Ramble Bamble #2463843

That's all this site is to me really. A place to vent, ramble, complain. Call it what you want.

Today I am bloated, achey, almost done being zitty and it totally sucks monkey balls. I am stuck at work in a shitty chair with no back support, which does not help anything except my excessive crabbyness.

I am not ready for classes to start Monday. I don't really have any money to buy books because Dan needed it most of my last paycheck to cover his school expenses from last spring. I am trying not to be upset about it. I could have not offered, but then I would have felt like an asshole watching him stress about it. I wish Dan could take care of himself, his money issues, and not have to rely on me so heavily. Yes it is nice to feel needed, but I feel more like I am bossing him around.

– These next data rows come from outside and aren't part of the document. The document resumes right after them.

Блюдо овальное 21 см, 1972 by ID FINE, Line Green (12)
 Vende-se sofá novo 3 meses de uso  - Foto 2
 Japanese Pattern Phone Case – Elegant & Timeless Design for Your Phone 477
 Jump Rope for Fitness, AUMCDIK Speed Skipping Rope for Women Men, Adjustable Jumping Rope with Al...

I am trying to impliment record keeping in regard to our finances, but we'll see how long that lasts if it even gets started. I did not expect classes to creep up on my so fast. i have most of my school books, but none of my freaking supplies. Plus no new school clothes, and that is the suckiest part of all. A girl always wants new clothes for school. Tomorrow while Dan is at work, I'll be walking ymself to the bookstore to get supplies and maybe a new sweatshort, seeing as mine is getting huge holes from being worn constantly over the past 5 years. Old sweatshirts are the most comfortable though.

Anyway- I am off to make a overly-long list of crap I need to do.